Chapter 7 Linear model
So far on this course we have examined models with no predictors. However, usually the modeling situation is that have the observations \(Y_1, \dots, Y_n\), often called response variable or output variable, and for each observation \(Y_i\) we have the vector of predictors \(\mathbf{x}_{i} = (x_{i1}, \dots, x_{ik})\), which we use to predict its value.
We are interested in values of the response variable given the predictors, so they we can think the values of the predictors as constants, i.e. we do not have to set any prior for the them.
Liner models and generalized linear model are one of the most important tools of applied statistican. In principle the inference does not differ from the computations we have done earlier on this course. We have already examined the posterior inference for the normal distribution, on which the linear models are based on. However, usually on linear models we have multiple predictors: this means that the posterior for the regression coefficients is a multinormal distribution. This complicates the things a little bit, but the principle stays the same.
We can collect the values of the predicted variable \(\mathbf{Y} = (Y_1, \dots, Y_n)\) into the \(n\times1\)-matrix \[ \mathbf{Y} = \begin{bmatrix} Y_1 \\ \vdots \\ Y_n \end{bmatrix}, \] and the values of the predictors into the \(n\times k\)-matrix \[ \mathbf{X} = \begin{bmatrix} x_{11} & \dots & x_{1k} \\ \vdots & & \vdots \\ x_{n1} & \dots & x_{nk} \end{bmatrix}, \] so that we can use a convenient matrix notation for the linear model. Usually we also want to add a constant term into the model. This can be incorporated into the vector notation by setting the first column of the matrix of the predictors into the vector of ones: \((x_{11}, \dots, x_{n1}) = \mathbf{1}_n\).

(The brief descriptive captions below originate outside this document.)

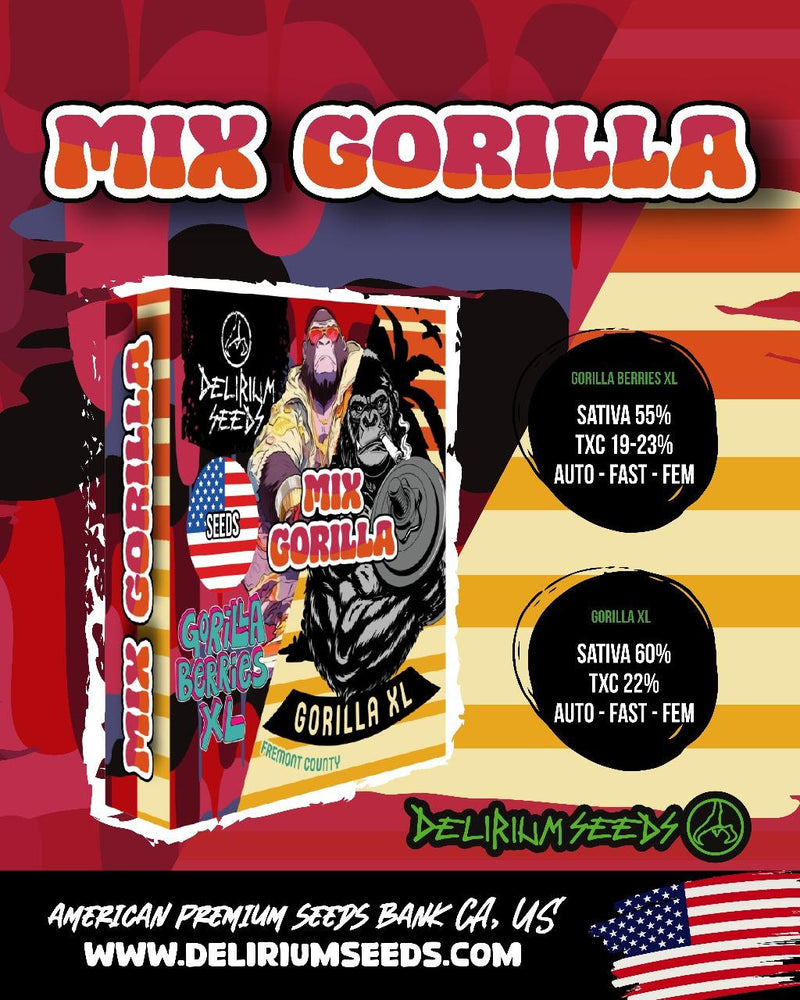 MIX GORILLA XL FAST X8 DELIRIUM SEEDS-4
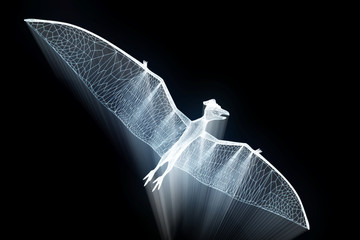 Dinosaur Pteranodon in Hologram Wireframe Style. Nice 3D Rendering   © bombastic80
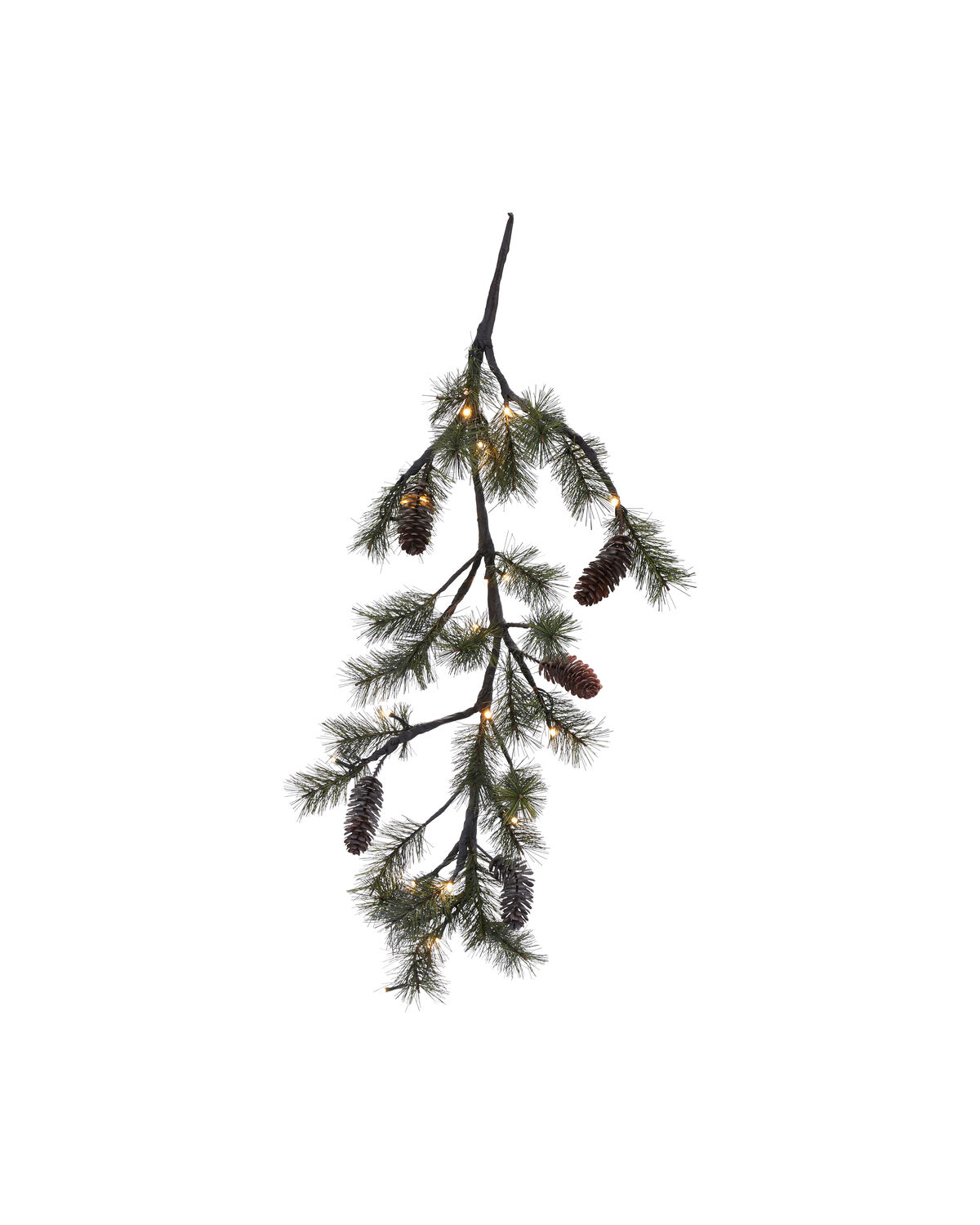 Weihnachtszweig, HDPeuce, Natur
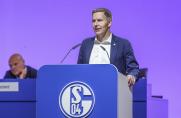 Schalke: Aufsichtsrats-Chef Hefer erklärt Talent-Strategie und zieht Vergleich zum BVB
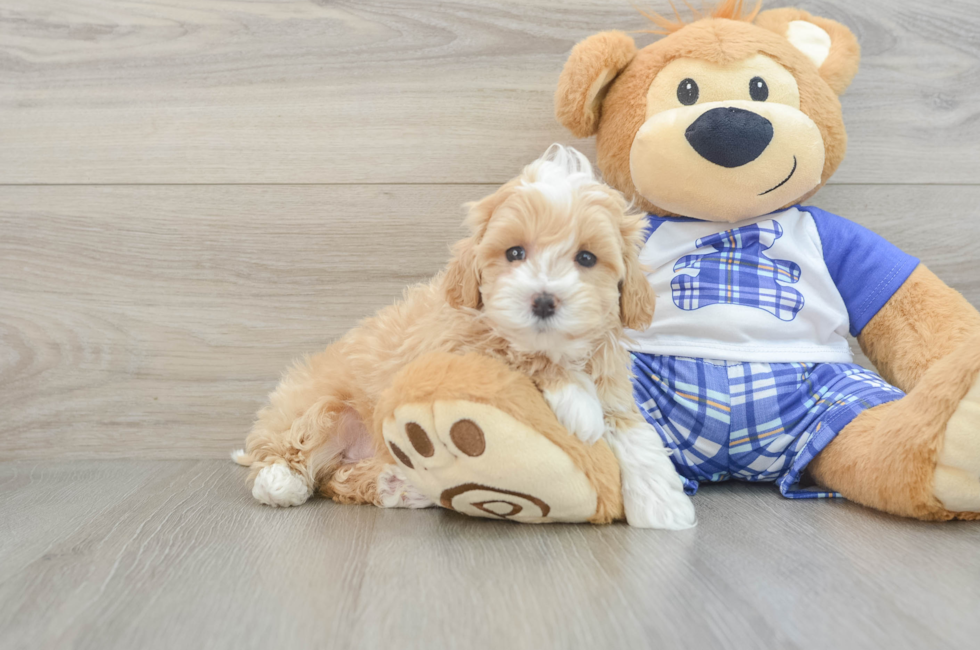 7 week old Maltipoo Puppy For Sale - Lone Star Pups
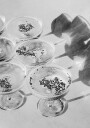 Champagne Celebration No.1 Plakat Plakat / 70x100cm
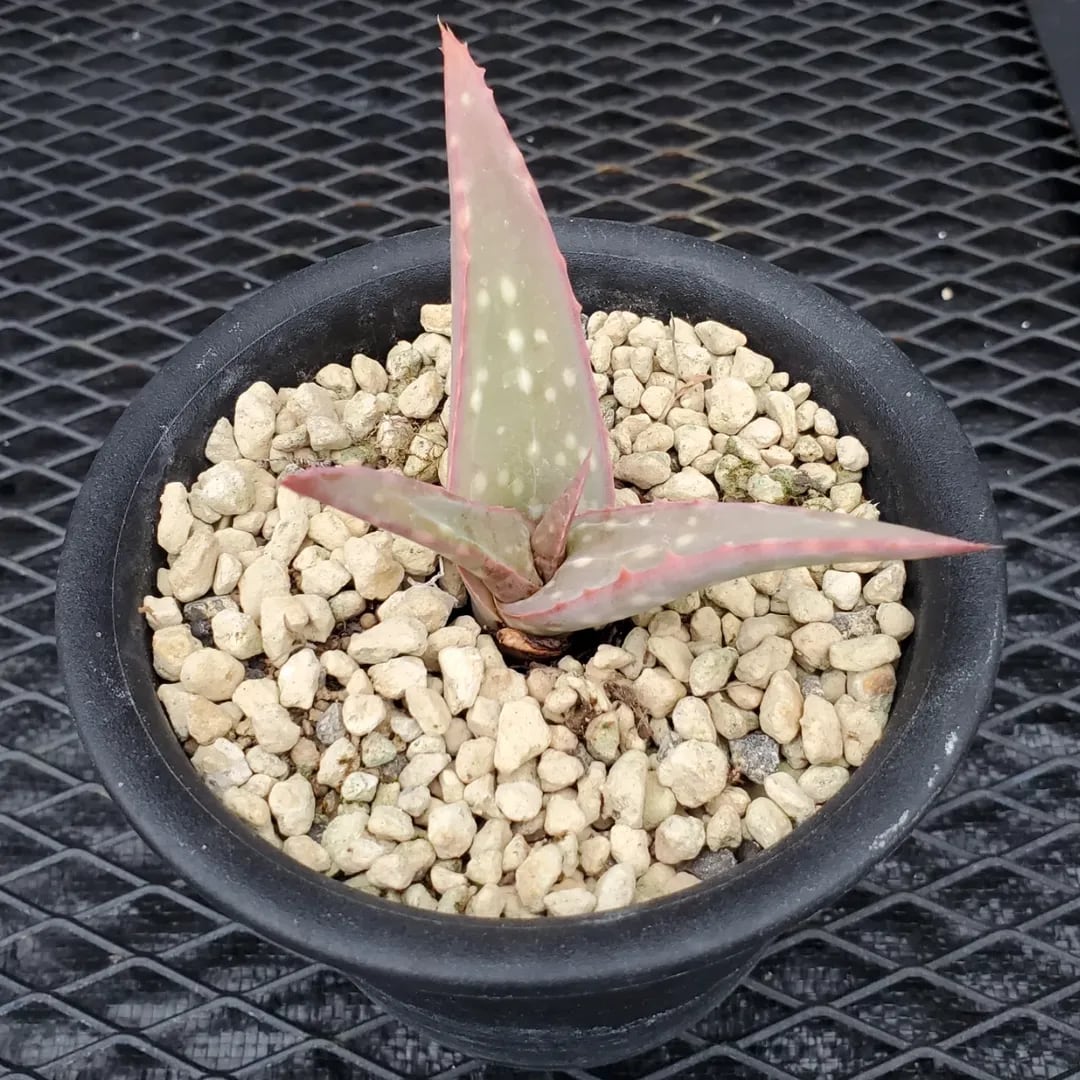 F00485_Dyckia goehringii (Original Clone)分頭株：ディッキア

The regression coefficients can be written into the \(k\times 1\)-matrix \[ \boldsymbol{\beta} = \begin{bmatrix} \beta_1 \\ \vdots \\ \beta_k \end{bmatrix}, \] where \(\beta_1\) is the intercept of the model (if the constant term is used).
7.1 Classical linear model
In the classical linear model, also known as ordinary least squares regression, it is assumed that the response variables are independent, and follow normal distributions given the values of the predictors, and that the expected values of these normal distributions are linear combinations of the regression coefficients \(\beta\): \[ E[Y_i \,|\, \boldsymbol{\beta}, \mathbf{x}_i] = \mathbf{x}_i^T\boldsymbol{\beta} = x_{i1}\beta_1 + \dots + x_{ik}\beta_k , \] and that these normal distributions have a same variance \(\sigma_2\). In the Bayesian setting the noninformative prior for the parameter vector is \(p(\mathbf{\beta}, \sigma^2) \propto (\sigma^2)^{-1}\). This means that the model can be written as \[ \begin{split} \quad Y_i \,|\, \boldsymbol{\beta}, \sigma^2 &\sim N(\boldsymbol{x}_i^T \boldsymbol{\beta}, \sigma^2) \quad \text{for all}\,\, i = 1, \dots , n, \\ p(\boldsymbol{\beta}, \sigma^2) &\propto \frac{1}{\sigma^2}, \end{split} \] or more compactly using the matrix notation introduced above as: \[ \begin{split} \mathbf{Y} &\sim N(\mathbf{X}\boldsymbol{\beta}, \sigma^2 \mathbf{I}) \\ p(\boldsymbol{\beta}, \sigma^2) &\propto \frac{1}{\sigma^2}. \end{split} \]
7.1.1 Posterior for classical linear regression
With derivations similar to the ones done in Section 5.3 we can show that the conditional posterior distribution \(p(\boldsymbol{\beta}, | \sigma^2, \mathbf{y})\) of the regression coefficients given the variance is a \(k\)-dimensional multinormal distribution \[ \boldsymbol{\beta} \,|\,\mathbf{y}, \sigma^2 \sim N(\hat{\boldsymbol{\beta}}, V_{\boldsymbol{\beta}} \sigma^2), \] where \[ \hat{\boldsymbol{\beta}} = (\mathbf{X}^T \mathbf{X})^{-1}\mathbf{X}^T \mathbf{y}, \] and \[ \mathbf{V}_{\boldsymbol{\beta}} = (\mathbf{X}^T \mathbf{X})^{-1}. \] The marginal posterior distribution for the variance \(\sigma^2\) is an inverted chi-squared distribution with degrees of freedom \(n-k\): \[ \sigma^2 | \mathbf{y} \sim \chi^{-2}_{n-k}(s^2), \] where \[ s^2 = \frac{1}{n-k}(\mathbf{y} - \mathbf{X}\hat{\boldsymbol{\beta}})^T(\mathbf{y} - \mathbf{X}\hat{\boldsymbol{\beta}}). \] We can observe that when the noninformative prior is used, the results are again quite close to the results of the classical statistical inference for the linear model.